-- Opening Marker --

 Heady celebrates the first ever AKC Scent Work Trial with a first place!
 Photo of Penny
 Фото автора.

-- Closing Marker --
-- Opening Marker --

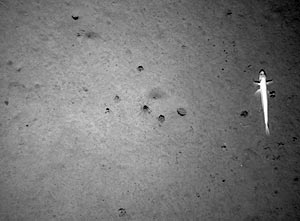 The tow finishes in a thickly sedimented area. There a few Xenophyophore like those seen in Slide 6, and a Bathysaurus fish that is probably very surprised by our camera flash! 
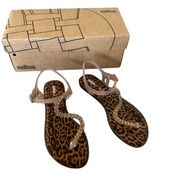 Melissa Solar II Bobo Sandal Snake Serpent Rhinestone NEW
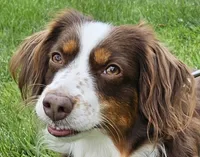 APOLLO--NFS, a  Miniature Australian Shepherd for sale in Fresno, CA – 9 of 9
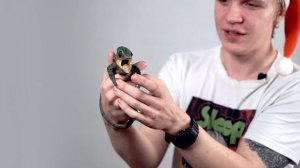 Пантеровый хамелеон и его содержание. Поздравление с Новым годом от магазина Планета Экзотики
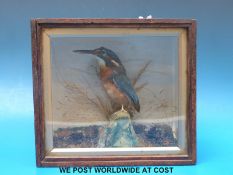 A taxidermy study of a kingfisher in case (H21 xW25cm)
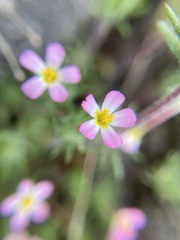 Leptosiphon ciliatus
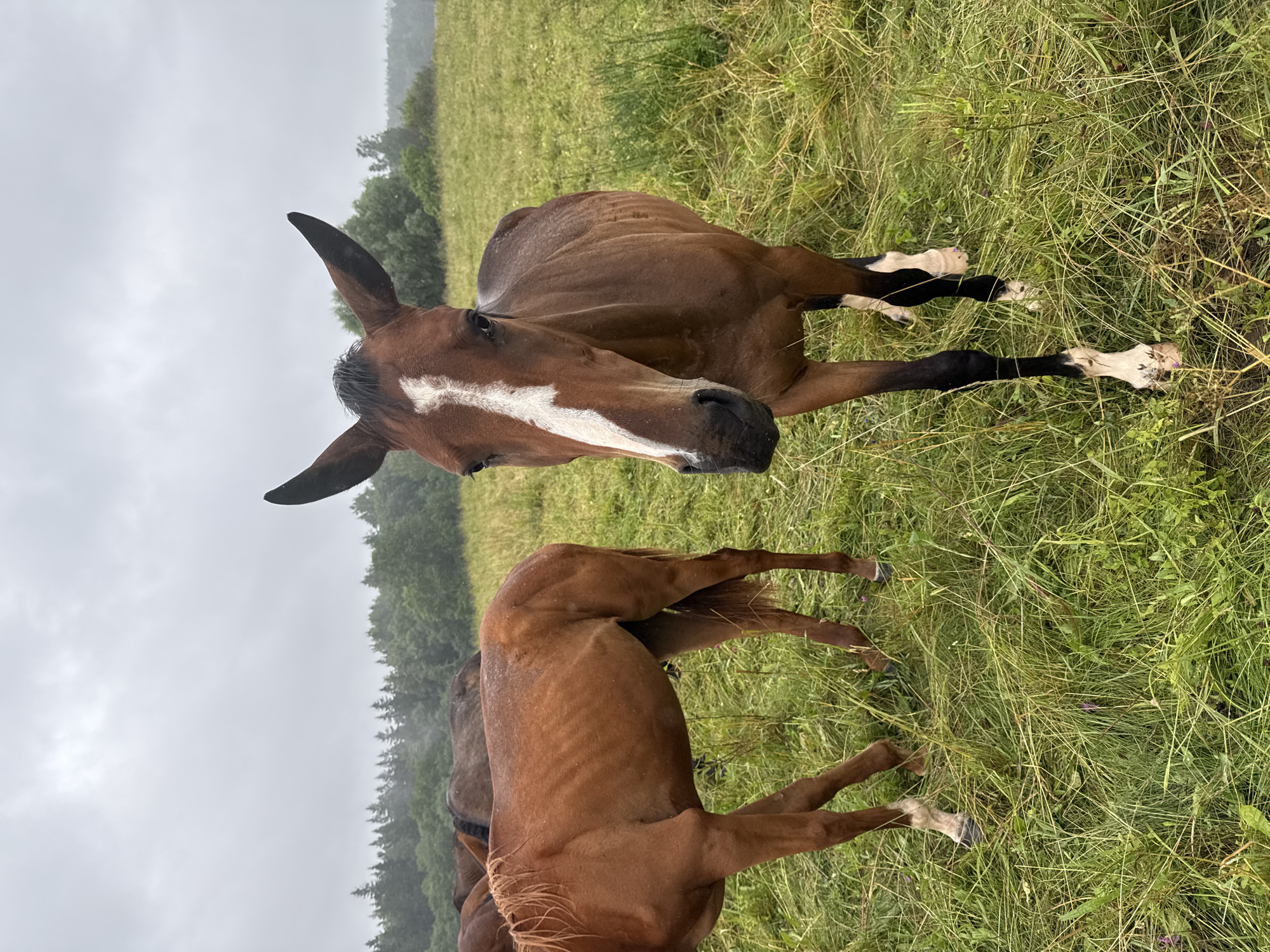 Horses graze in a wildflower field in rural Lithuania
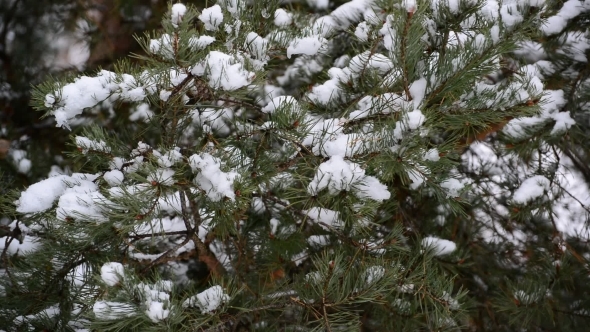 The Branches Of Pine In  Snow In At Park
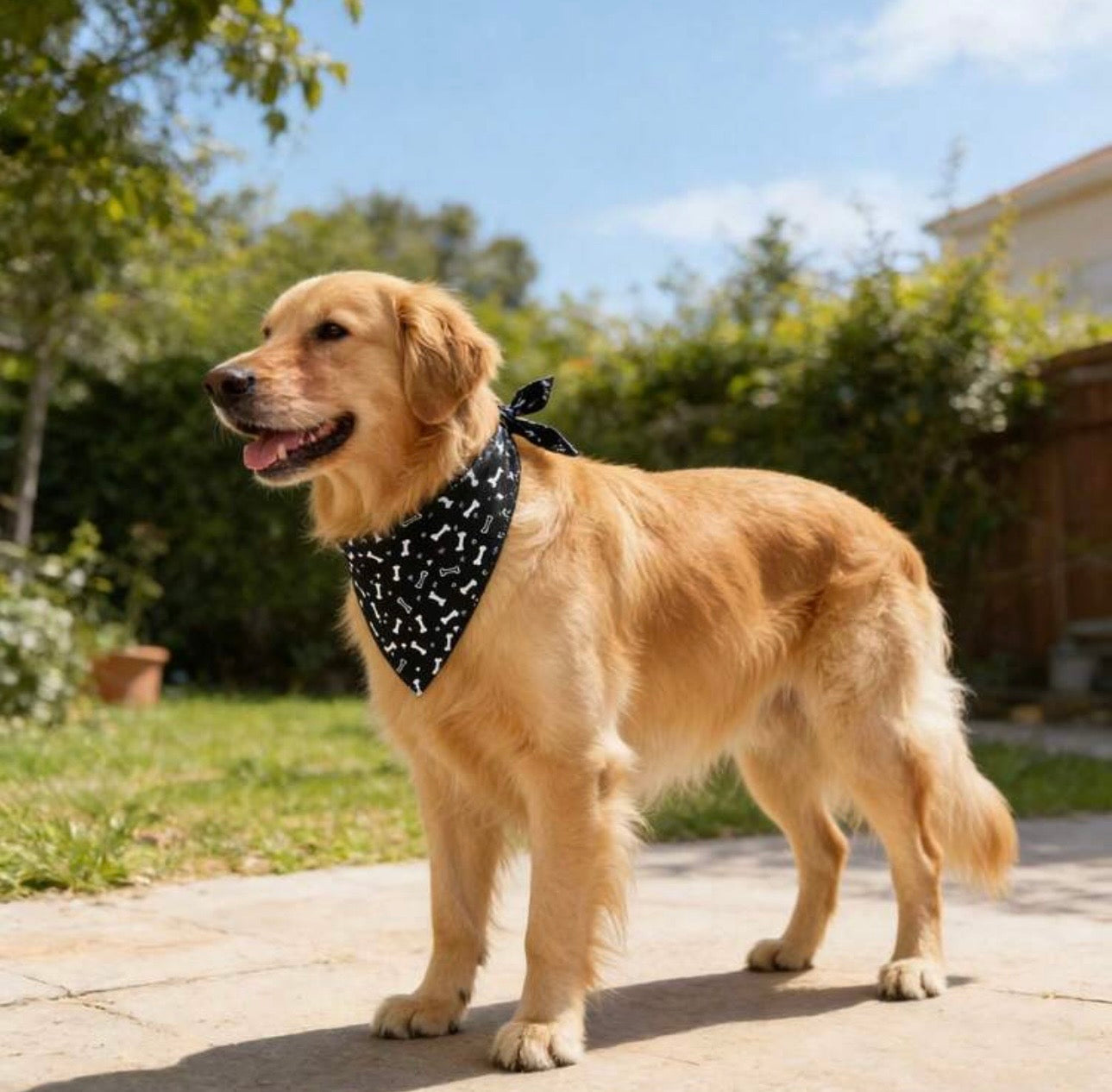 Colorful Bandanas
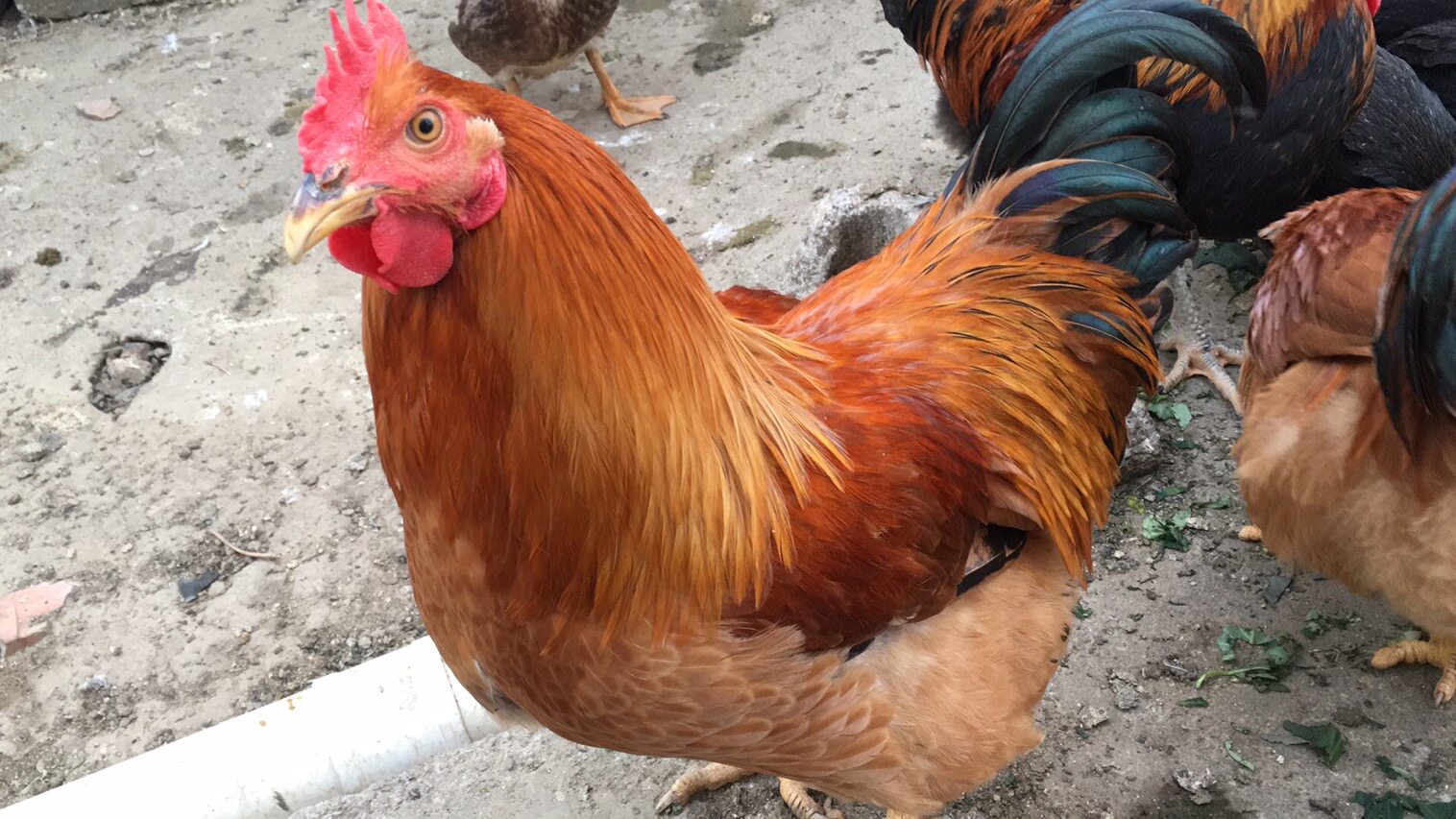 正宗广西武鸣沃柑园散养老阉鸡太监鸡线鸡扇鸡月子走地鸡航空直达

-- Closing Marker --

• What you should do: Copy out exactly the material that runs from the line with "Melissa Solar II" to the line with "正宗广西武鸣沃柑园散养老阉鸡太监鸡线鸡扇鸡月子走地鸡航空直达", ends included, and leave the pictures behind.

• Result of this task:
 Melissa Solar II Bobo Sandal Snake Serpent Rhinestone NEW
 APOLLO--NFS, a  Miniature Australian Shepherd for sale in Fresno, CA – 9 of 9
 Пантеровый хамелеон и его содержание. Поздравление с Новым годом от магазина Планета Экзотики
 A taxidermy study of a kingfisher in case (H21 xW25cm)
 Leptosiphon ciliatus
 Horses graze in a wildflower field in rural Lithuania
 The Branches Of Pine In  Snow In At Park
 Colorful Bandanas
 正宗广西武鸣沃柑园散养老阉鸡太监鸡线鸡扇鸡月子走地鸡航空直达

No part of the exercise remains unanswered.